Kieler upper body and the food compartment

Beekeeping & Apiculture Forum

Help Support Beekeeping & Apiculture Forum:

This site may earn a commission from merchant affiliate links, including eBay, Amazon, and others.

fatshark

Field Bee
Joined
May 4, 2009
Messages
985
Reaction score
1
Location
Fife & Ardnamurchan
Hive Type
National
Number of Hives
10
I have a number of Kielers with mated queens I'm intending to overwinter. I have the upper body fitted. I've found the bees draw down the comb from the upper body into the feed compartment. This makes replenishing the fondant/sugar a pain as you have to cut off the excess comb first.

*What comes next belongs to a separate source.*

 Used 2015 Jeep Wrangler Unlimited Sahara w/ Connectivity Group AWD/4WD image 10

I appreciate there's unlikely to be much comb building mid-winter, but would like to prevent this whilst feeding them up for winter. Has anyone found a solution? I wondered about a sheet of thin perspex or plastic sheet pinned across the top of the feeder.

With thanks

--
fatshark
 
I am toying with the idea of ditching the bottom feeder and mocking something up in Correx to go into a second upper body like the Apidea upper body feeder. It would allow more frames in the bottom boxes also. Should be able to get a good kg on fondant into a 'super' which is easier to look at check and refill in the winter.
 
Last edited:
Nic
I'd considered this as well ... it would be straightforward to make a couple of wedge-shaped wooden spacers to span the upper body, then fix a ply or correx false ceiling on with a hole to feed fondant.

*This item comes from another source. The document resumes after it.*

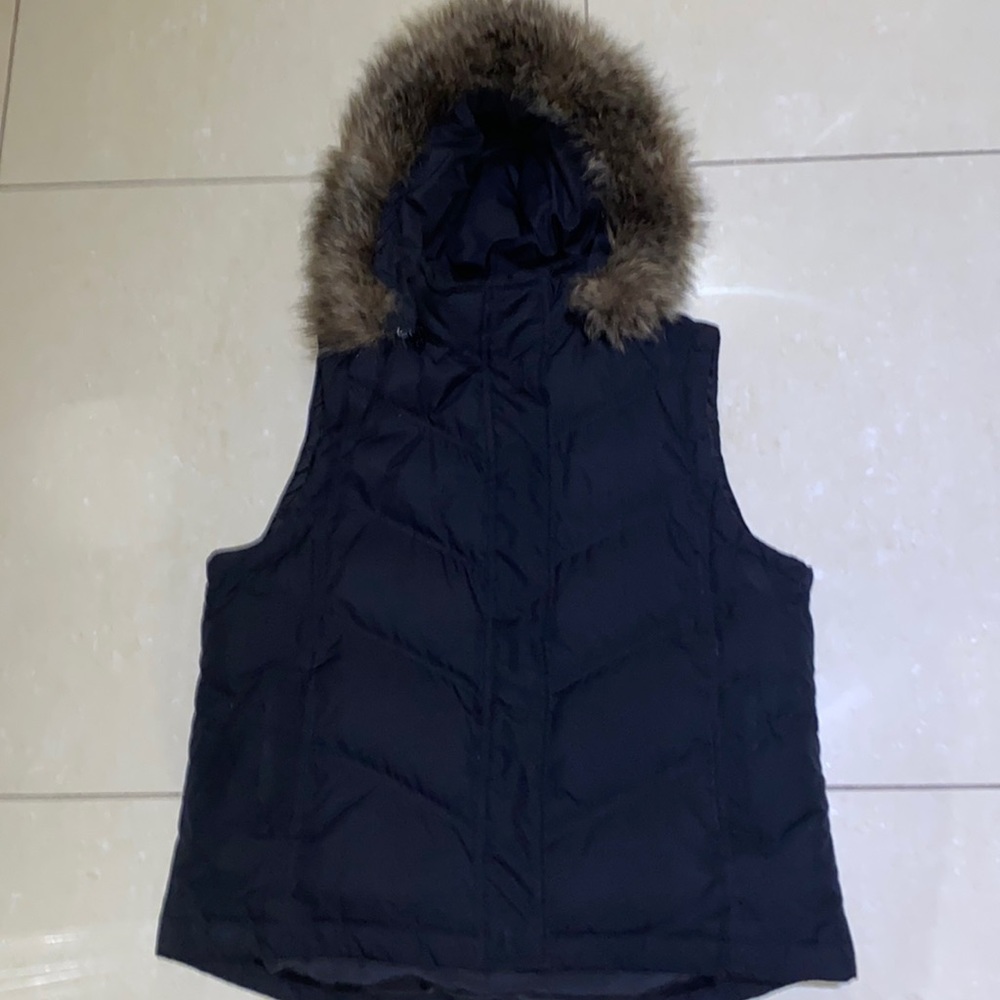 Woman Gap Vest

However, that's a triple decker ;) and I'd hoped to stick to just a two-storey hive.

A quick test with a 2mm perspex offcut shows it fits just fine between the upper and lower body, no need to pin it in place and space-enough for access to the feed compartment. I'll try covering it with vaseline (to avoid them sticking comb to it) and fitting it this weekend when they get a refill.

--
fatshark
 
Would it be better to 'under-super'? I would not overwinter with a double Kieler; I think in terms of the additional boxes being suitable for uniting.
 
I remove the bottom feeder and replace with two new top bars,then top eke,then another eke which takes a feeder of syrup,then fill this section with fondant after syrup feeding is done....best to also feed some kind of nosema medication,they are very prone to getting nosema in these small box's over winter.
 
Have not got any here but would a 1lb honey jar feeders lids fit inside?, possibly three jars into a super. It must be close height wise. If not is there a slightly squatter bottle we could use or just holes in convention 1lb honey jar lid like many still use? I recon you could get three 1 lb jars into a super as a liquid feeder that would last quite a while. Thoughts?
 
Point of interest, has anyone weighed the fondant that will fit in that Kieler feeder? Surprise, surprise 1kg. I had to do a double take before I believed it myself.

Thanks for the nosema heads up there Hivemaker.